* TASK DIRECTIONS
Starting at the line that holds "HONENNA Women's Control" and stopping at the line that holds "Тумба Indian Antique", restate the records below word for word, with both of those lines included.

--- THE RECORDS Enclosed Below ---

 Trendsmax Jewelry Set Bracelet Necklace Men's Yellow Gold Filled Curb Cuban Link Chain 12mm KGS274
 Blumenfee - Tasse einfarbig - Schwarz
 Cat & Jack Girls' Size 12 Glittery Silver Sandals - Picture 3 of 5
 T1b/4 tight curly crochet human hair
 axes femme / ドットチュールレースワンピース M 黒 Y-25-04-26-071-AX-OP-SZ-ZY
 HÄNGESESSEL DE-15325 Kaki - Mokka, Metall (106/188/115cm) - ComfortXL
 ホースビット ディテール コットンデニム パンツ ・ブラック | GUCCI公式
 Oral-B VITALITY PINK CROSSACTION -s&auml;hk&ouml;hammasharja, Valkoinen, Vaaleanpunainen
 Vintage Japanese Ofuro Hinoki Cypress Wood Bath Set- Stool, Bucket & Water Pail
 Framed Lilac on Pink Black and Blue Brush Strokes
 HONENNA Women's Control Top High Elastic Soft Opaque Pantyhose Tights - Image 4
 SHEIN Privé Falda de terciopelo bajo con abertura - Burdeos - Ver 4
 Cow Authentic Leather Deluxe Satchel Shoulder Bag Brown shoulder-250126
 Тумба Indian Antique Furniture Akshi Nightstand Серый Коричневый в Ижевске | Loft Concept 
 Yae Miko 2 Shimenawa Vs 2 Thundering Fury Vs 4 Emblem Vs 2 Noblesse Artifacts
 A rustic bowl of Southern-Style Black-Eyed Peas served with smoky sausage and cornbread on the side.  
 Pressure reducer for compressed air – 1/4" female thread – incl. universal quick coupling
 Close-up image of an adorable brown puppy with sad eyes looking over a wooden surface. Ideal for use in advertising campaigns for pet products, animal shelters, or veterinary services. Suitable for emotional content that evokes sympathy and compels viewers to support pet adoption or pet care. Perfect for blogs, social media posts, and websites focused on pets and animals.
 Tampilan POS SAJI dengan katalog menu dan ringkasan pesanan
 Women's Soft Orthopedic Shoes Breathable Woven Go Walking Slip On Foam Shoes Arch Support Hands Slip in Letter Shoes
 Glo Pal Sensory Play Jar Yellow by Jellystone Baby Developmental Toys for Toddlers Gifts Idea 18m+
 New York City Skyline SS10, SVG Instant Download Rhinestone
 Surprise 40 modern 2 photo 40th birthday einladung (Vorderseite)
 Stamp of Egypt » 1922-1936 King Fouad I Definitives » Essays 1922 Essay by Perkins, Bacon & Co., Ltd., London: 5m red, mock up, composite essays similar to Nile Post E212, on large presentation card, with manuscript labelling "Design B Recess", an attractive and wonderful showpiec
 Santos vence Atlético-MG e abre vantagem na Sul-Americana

--- End of Enclosed THE RECORDS ---

* RESPONSE AREA
 HONENNA Women's Control Top High Elastic Soft Opaque Pantyhose Tights - Image 4
 SHEIN Privé Falda de terciopelo bajo con abertura - Burdeos - Ver 4
 Cow Authentic Leather Deluxe Satchel Shoulder Bag Brown shoulder-250126
 Тумба Indian Antique Furniture Akshi Nightstand Серый Коричневый в Ижевске | Loft Concept 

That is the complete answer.